Smith’s approach rests upon several key understandings. Firstly, she adheres to the belief that “students at all levels, from basic to advanced, and with all degrees of academic experience, are likely to have had their minds and writing styles impacted by their exposure to technology. […] Basic writers are as likely as their peers to come to college with a determining Web 2.0 fluency” (36). Secondly, she sees blogs, specifically, as being democratizing through their “unique potential to free the writer’s voice that can especially empower those students who lack confidence in their language skills or are otherwise struggling. Further, by giving participants equal access to a public voice in a forum that is familiar to many young people, blogs create a safe place for risk-taking and error” (38).
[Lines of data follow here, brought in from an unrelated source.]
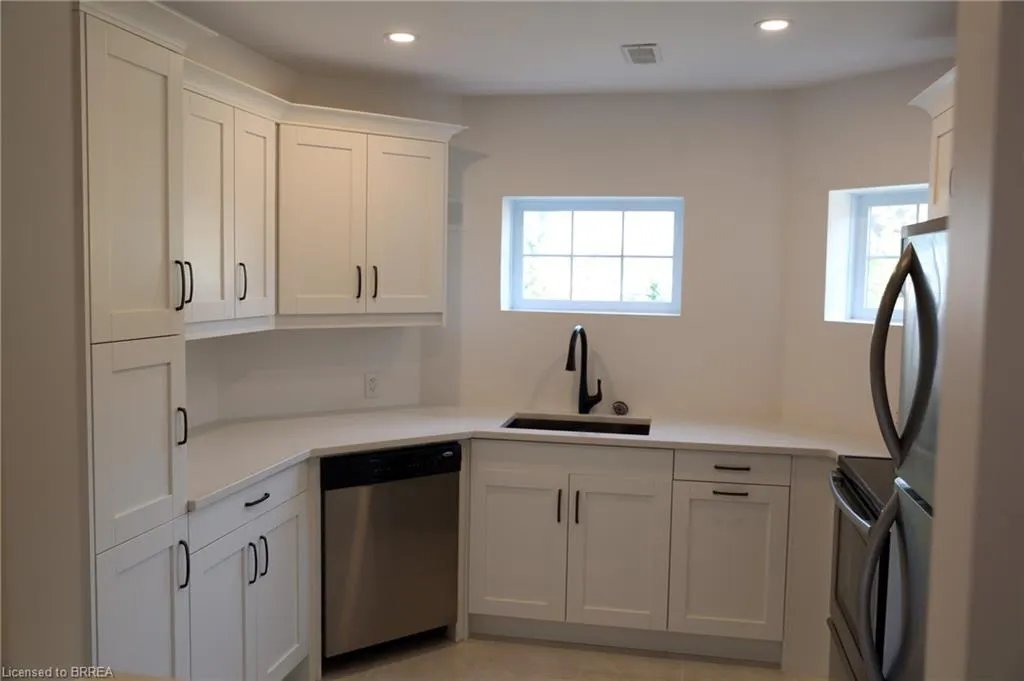 20 Ridgeview Lane, #Lower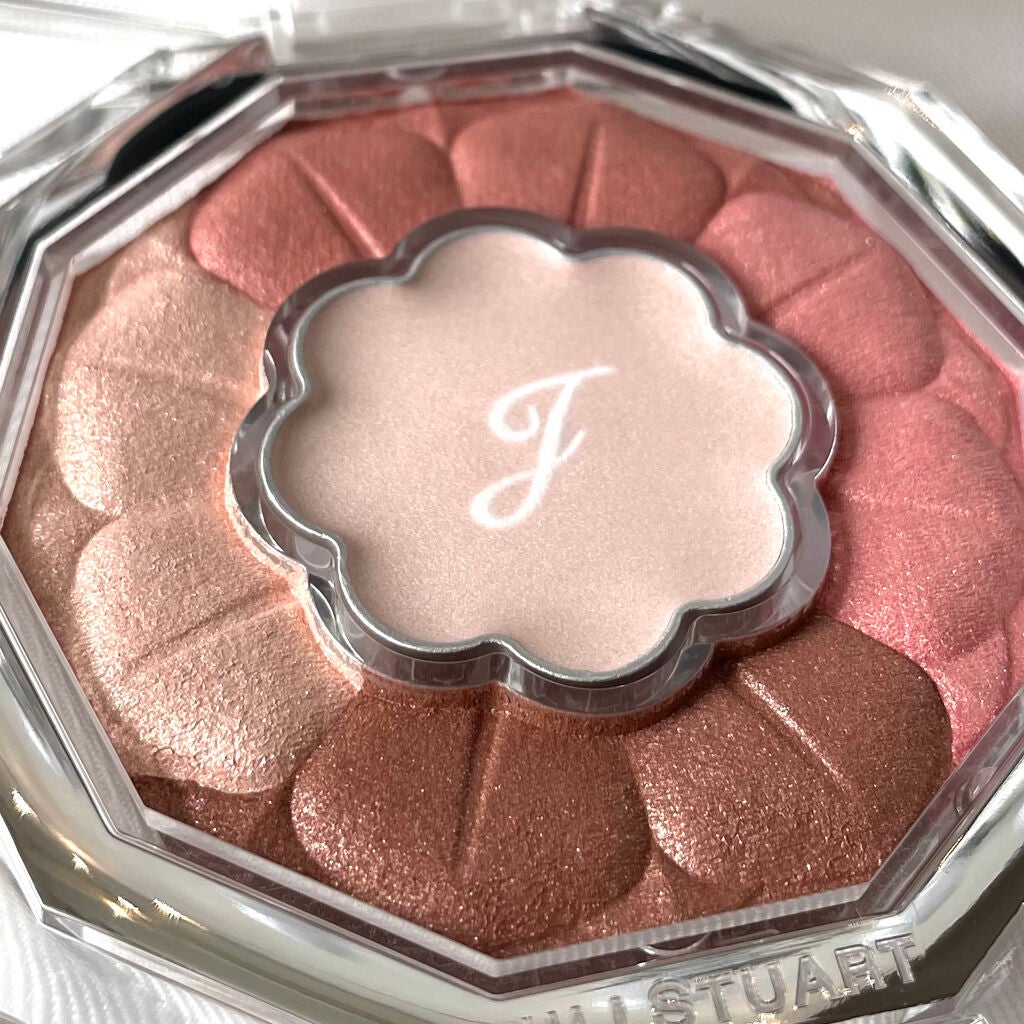 ジルスチュアート ブルームクチュール アイズ/JILL STUART/アイシャドウパレットを使ったクチコミ(2枚目)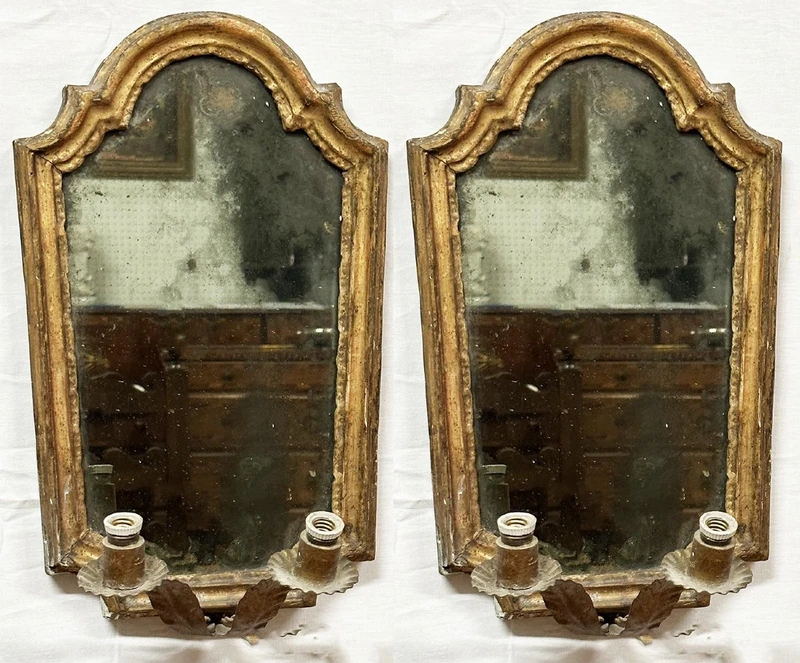Pair of antique giltwood wall mirror frames, 18th century.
Both of these understandings are worthy of examination. It is probably true that many traditional-age students have significant familiarity with Twitter, blogs, Facebook, and other social media. However, as Pavia points out in the article I blogged on previously, we should be wary of assumptions that ALL students, especially those in our basic-writing classes (because of the higher prevalence of working-class students), share a given level of comfort—let alone fluency—with Web 2.0. Additionally, as Smith notes herself, a blog might not be seen by all as a safe place. She describes an episode where students used the blog to critique a class project, and then interpreted her response to that critique as embodying the message “watch what you say” (48). Students became more timid in their posts, and Smith had to work to reestablish a more open environment on the blog.

Despite these concerns, I see Smith’s experiment as worth trying. One way I might proceed in the fall is to establish a private class blog for the developmental students in my ALP section. This could provide my basic writers with a space to experiment and pre-write, as well as develop a community where they do not feel any pressure of having their writing read by the college-level students. As I learned from past blog experiments—and as Smith recommends—one key will be good prompts. I like Smith’s idea of using the blog as a pre-writing space, but I may also incorporate prompts that address other topics to give students a chance to write on diverse topics.

2 comments:

  1. Mark - I love the idea of using the blog for the ALP students in your course. From what you described and discussed in class related to your tech review, this would seem to fit. The latest piece I blogged about (Wei, 2010) was also about using blogs in support of formal writing. The student audience was demographically very different from your situation, yet I wonder if the students' ideas about language development and their changed awareness about writing would be relevant for you, even just as a point of comparison.

    ReplyDelete
  2. Hey, Mark. Sorry I missed this earlier, but I'm glad I'm seeing it now. I'd be especially interested in looking back at what makes her say that taking on "a public voice in a forum that is familiar" makes a blog a "safe place for risk-taking and error." To transfer that logic to another forum, I'm familiar with making public speeches, but I certainly don't find them a safe place--I'd like to see the details of her logical connection. I'm especially interested because "risk-taking and error" are key to project-based learning, which I'm researching right now, and I've been considering ways to use blogs in students' project development. Thanks for the post!